Avez-vous entretemps digéré le choix des deux autres syndicats nationaux, le LCGB et la CGFP, de cautionner la modulation de l’index actée au printemps 2021, sans le soutien de l’OGBL?

C’est l’occasion de rappeler que l’OGBL continue à militer pour créer un syndicat unique au Luxembourg. Cela est dans notre ADN et on ne va pas lâcher prise. On remarque au quotidien sur le terrain qu’il n’est pas sensé de se taper sans cesse dessus, de mener des campagnes électorales coûteuses en argent et en énergie, pour avoir, en fin de compte, une certaine division des intérêts de la population active. Cela est encore d’autant plus vrai dans les temps que nous vivons actuellement, où il est encore une fois plus important que l’on tire tous sur une même corde. Je souhaite d’ailleurs que, peu importe l’issue du scrutin, l’on pourra en tant que syndicats, dans la mandature à venir, monter ensemble au front. Malheureusement, cela n’a pas réussi lors des cinq dernières années, même si je tiens à souligner que l’on a réussi à bien travailler ensemble sur d’autres dossiers que l’index. Cargolux est un exemple, et je suis convaincue que ce sera aussi le cas pour les pensions.

Il est inconcevable de s’attaquer à l’architecture de l’index, au surplus, dans une période de forte inflation

Malgré tout, cela vous laisse un arrière-goût amer?

L’OGBL a bien été le seul syndicat à refuser, en 2021, la manipulation de l’index. On était isolé après avoir refusé de signer l’accord tripartite. Mais on n’a jamais baissé les bras et c’est uniquement grâce à notre importante mobilisation que la manipulation a été abolie par la tripartite d’automne 2022. Mais la voie est désormais ouverte pour limiter l’index à une tranche par an, ce qui semble d’ailleurs aussi être l’option privilégiée par le nouveau gouvernement.

L’initiative patronale visant à mettre en place un index dégressif, tenant compte des revenus, n’est-elle pas une option valable à vos yeux?

Il est inconcevable de s’attaquer à l’architecture de l’index, au surplus, dans une période de forte inflation. Aujourd’hui, il est plus que jamais important de pérenniser le système. L’index demeure un pilier de notre modèle social et le garant de la paix sociale. Notre réponse à la question de savoir s’il ne faut pas revoir le mécanisme d’indexation est non.

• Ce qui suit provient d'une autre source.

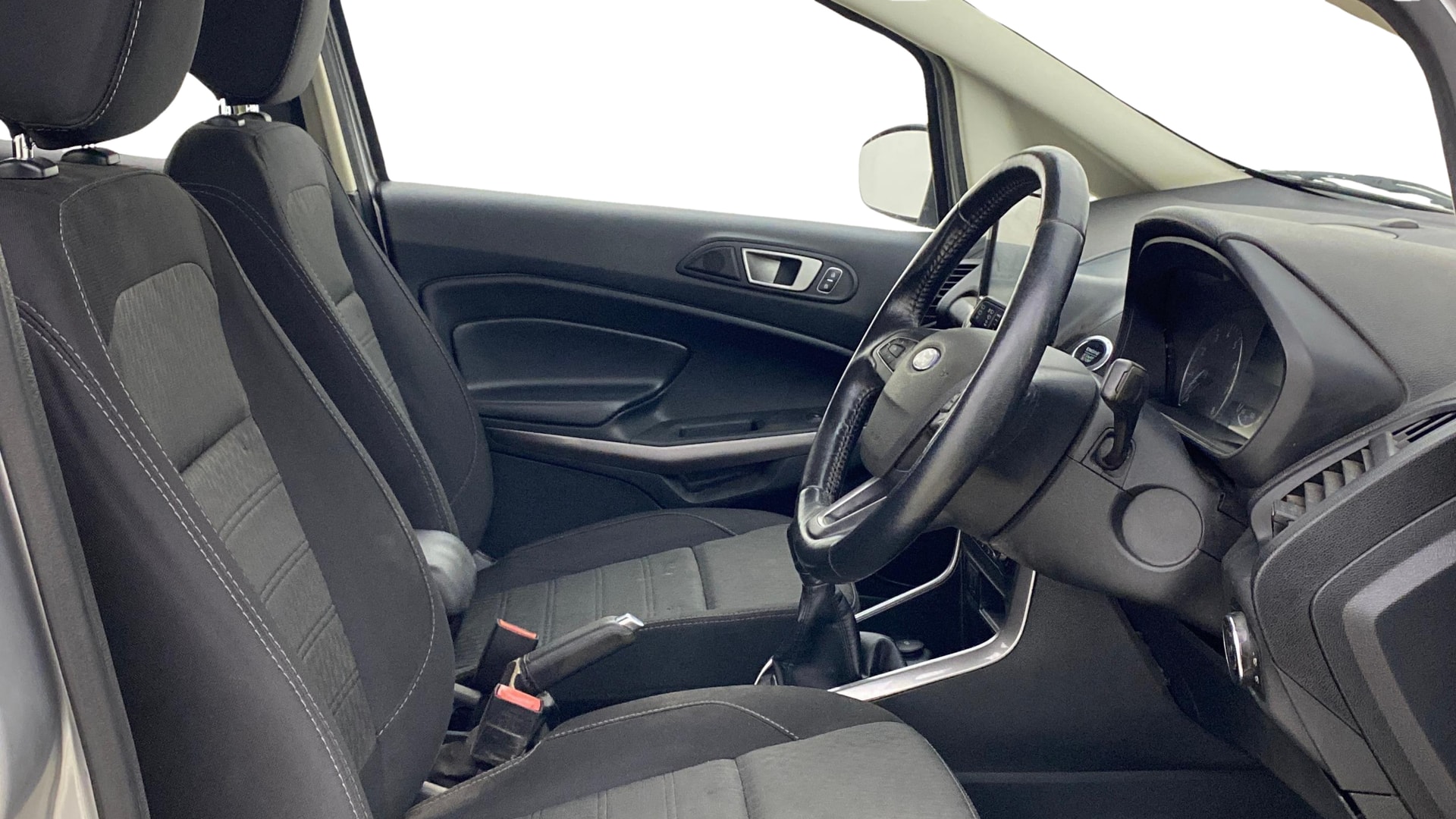 View 2019 Ford EcoSport 1.5 TDCi Diesel Ambiente BS IV Image 17 Used 2019 Ford EcoSport 1.5 TDCi Diesel Ambiente BS IV Image 17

En effet, un index plafonné ou dégressif casserait le système existant des négociations collectives. Nous craignons qu’une telle attaque contre l’architecture salariale soit le prélude à la suppression définitive du mécanisme indiciaire. Cela ne veut cependant pas dire que l’OGBL ne soutient pas des crédits d’impôt dégressifs, qui permettent aussi de rendre plus équitable la charge fiscale. Mais de tels crédits d’impôt ne peuvent pas venir remplacer l’index.

Personnellement, vous abordez ces élections avec la double casquette de présidente de l’OGBL et de la CSL. Postulez-vous à un second mandat à la tête du « Parlement du travail »?

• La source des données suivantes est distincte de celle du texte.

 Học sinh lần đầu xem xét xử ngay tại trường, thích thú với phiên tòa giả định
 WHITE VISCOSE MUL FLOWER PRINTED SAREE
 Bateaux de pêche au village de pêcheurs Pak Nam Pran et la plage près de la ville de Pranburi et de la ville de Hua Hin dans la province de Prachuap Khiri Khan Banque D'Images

Je suis en effet candidate à ma propre succession. Cette ambition est bien entendu liée à l’objectif de l’OGBL de renforcer sa majorité absolue, notamment grâce à la fusion désormais achevée avec le Landesverband.

Repères

État civil. Nora Back est née le 17 août 1979 à Esch-sur-Alzette. Elle est pacsée et mère d’une fille.

Formation. Elle décroche à l’université libre de Bruxelles (ULB) un bachelor en psychologie (2000), suivi d’un master en psychologie industrielle et commerciale (2002).

Profession. Avant son arrivée à l’OGBL, Nora Back travaille pour le compte de Quest, un bureau spécialisé en études de marketing.

OGBL. En 2004, Nora Back intègre l’OGBL comme secrétaire centrale adjointe du syndicat Santé, Services sociaux et éducatifs. Elle devient secrétaire centrale du même syndicat professionnel en 2008.

Présidente. Nommée secrétaire générale de l’OGBL en 2018, Nora Back accède dès 2019 aux postes de présidente de la Chambre des salariés (CSL) et de l’OGBL.